Short web captions
★ ★ ★ ★ ★ ★ ★

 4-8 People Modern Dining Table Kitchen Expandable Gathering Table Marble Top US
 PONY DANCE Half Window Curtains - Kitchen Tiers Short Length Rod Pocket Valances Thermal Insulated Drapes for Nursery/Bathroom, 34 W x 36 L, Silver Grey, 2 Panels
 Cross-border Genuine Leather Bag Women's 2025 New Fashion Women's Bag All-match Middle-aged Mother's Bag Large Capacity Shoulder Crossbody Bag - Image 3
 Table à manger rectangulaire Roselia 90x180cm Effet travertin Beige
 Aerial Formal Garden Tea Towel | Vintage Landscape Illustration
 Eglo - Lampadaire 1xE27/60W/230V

★ ★ ★ ★ ★ ★ ★

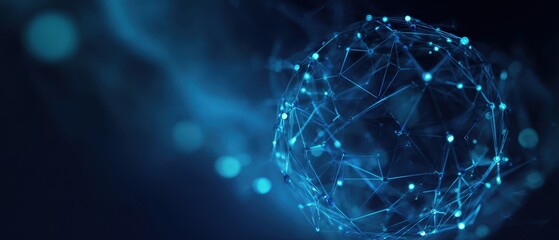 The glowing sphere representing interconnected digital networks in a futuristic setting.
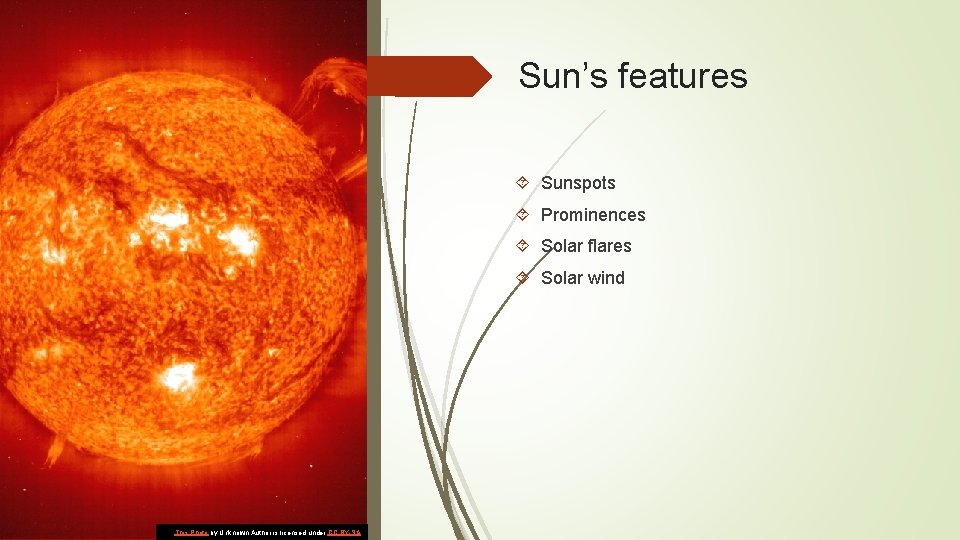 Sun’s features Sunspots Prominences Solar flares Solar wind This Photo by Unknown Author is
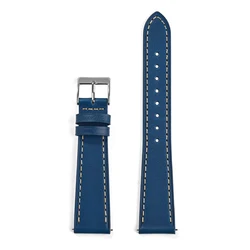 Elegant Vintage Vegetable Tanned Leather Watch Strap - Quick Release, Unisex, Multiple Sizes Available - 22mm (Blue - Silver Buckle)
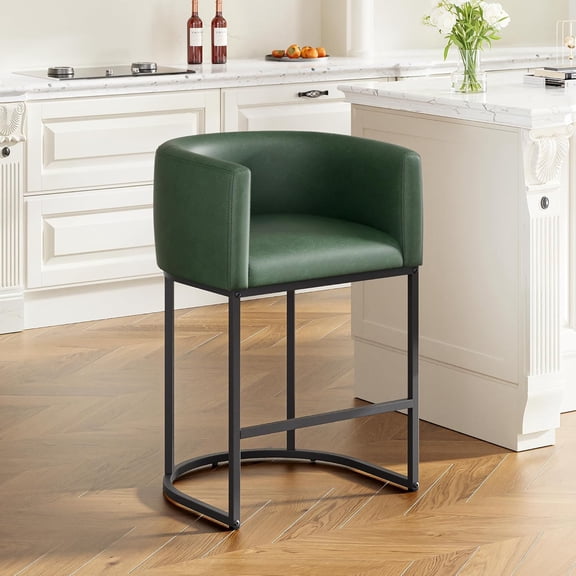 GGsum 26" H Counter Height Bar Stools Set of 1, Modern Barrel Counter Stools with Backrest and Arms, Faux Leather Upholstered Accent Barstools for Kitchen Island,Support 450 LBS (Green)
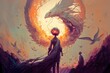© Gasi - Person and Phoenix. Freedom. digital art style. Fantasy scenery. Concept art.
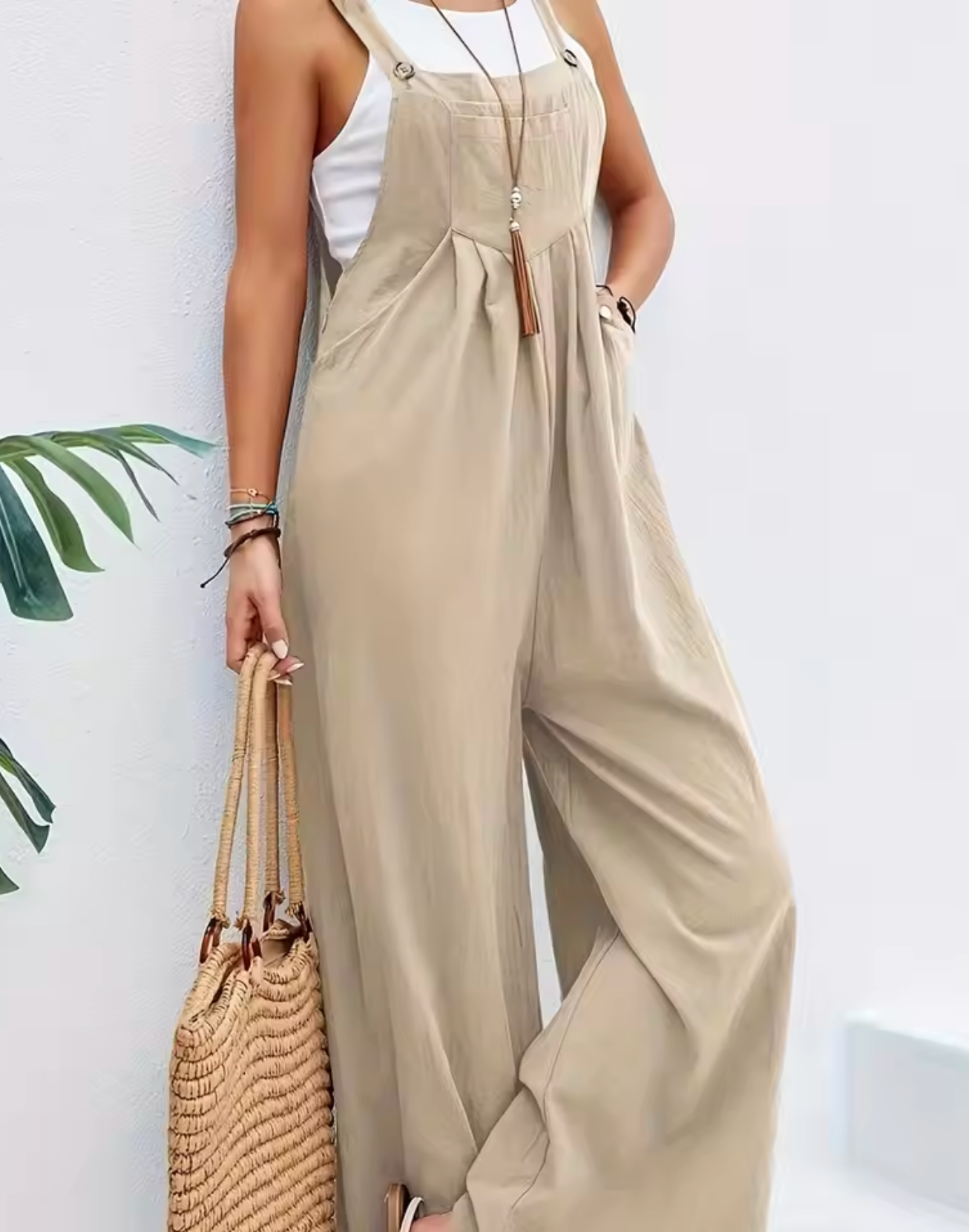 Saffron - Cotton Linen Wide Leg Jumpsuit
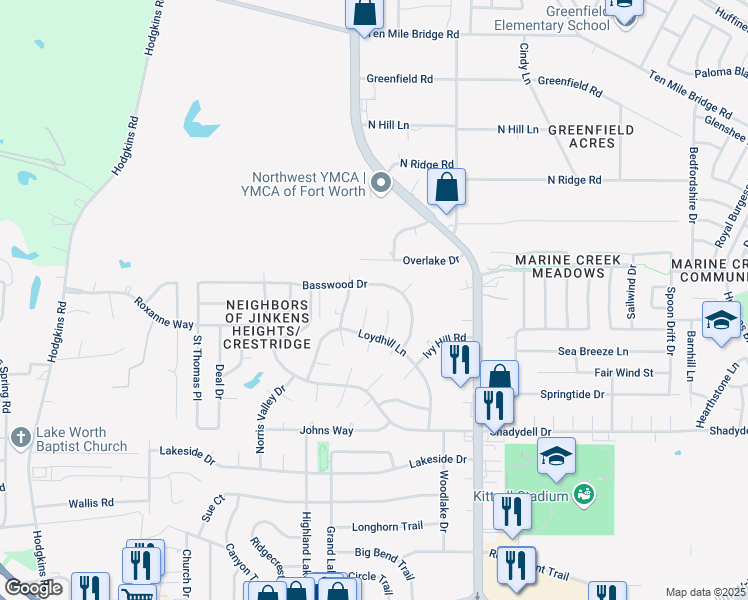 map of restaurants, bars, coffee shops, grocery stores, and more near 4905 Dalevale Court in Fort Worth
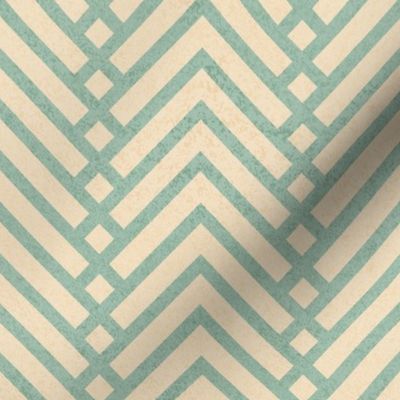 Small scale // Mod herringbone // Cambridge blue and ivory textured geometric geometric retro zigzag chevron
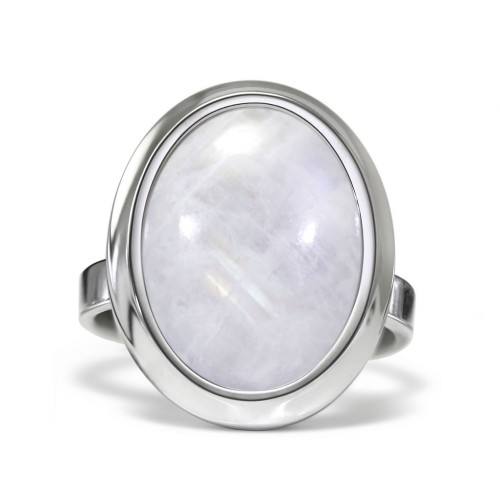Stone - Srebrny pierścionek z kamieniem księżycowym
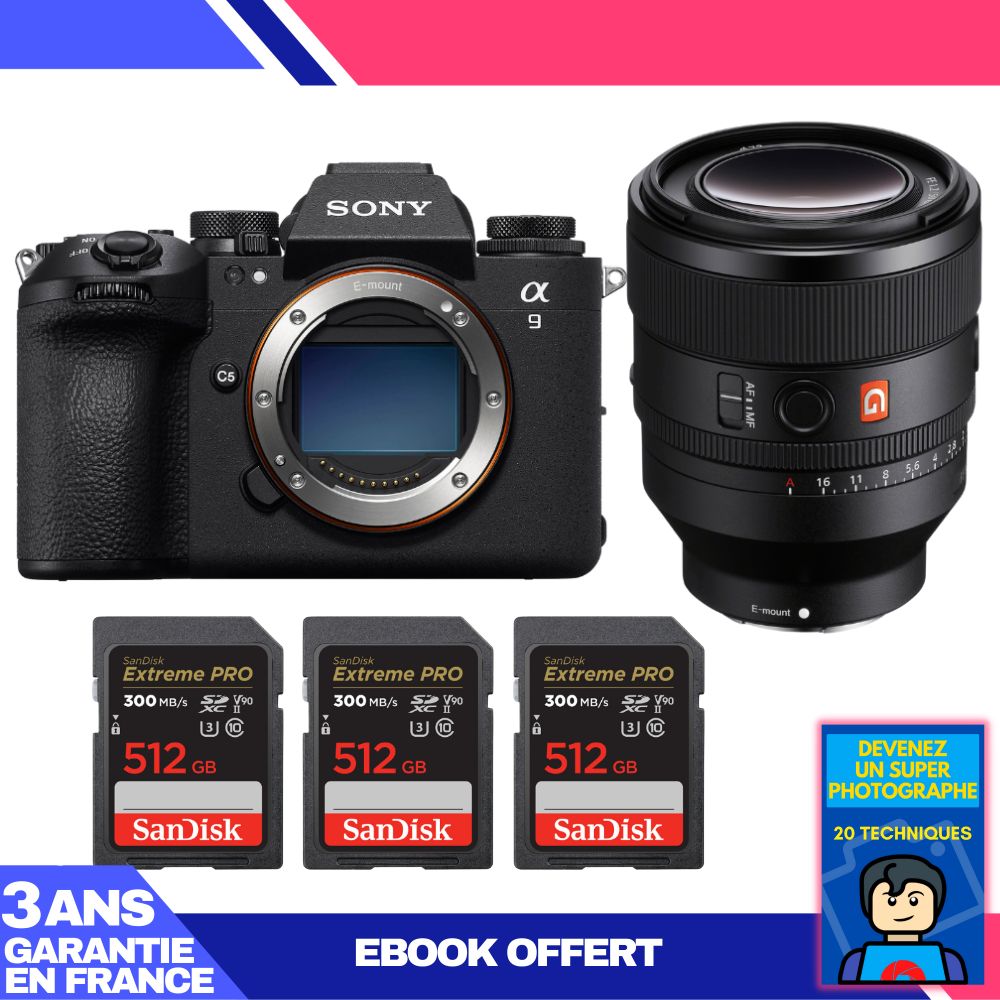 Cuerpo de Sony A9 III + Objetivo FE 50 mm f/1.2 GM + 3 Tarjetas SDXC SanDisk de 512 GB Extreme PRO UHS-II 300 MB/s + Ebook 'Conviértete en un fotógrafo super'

★ ★ ★ ★ ★ ★ ★

### Task to complete
Look above for the line holding "PONY DANCE Half" and the line holding "Eglo - Lampadaire 1xE27/60W/230V", then output exactly those two lines and every line between them, nothing more.

### Result of the task
 PONY DANCE Half Window Curtains - Kitchen Tiers Short Length Rod Pocket Valances Thermal Insulated Drapes for Nursery/Bathroom, 34 W x 36 L, Silver Grey, 2 Panels
 Cross-border Genuine Leather Bag Women's 2025 New Fashion Women's Bag All-match Middle-aged Mother's Bag Large Capacity Shoulder Crossbody Bag - Image 3
 Table à manger rectangulaire Roselia 90x180cm Effet travertin Beige
 Aerial Formal Garden Tea Towel | Vintage Landscape Illustration
 Eglo - Lampadaire 1xE27/60W/230V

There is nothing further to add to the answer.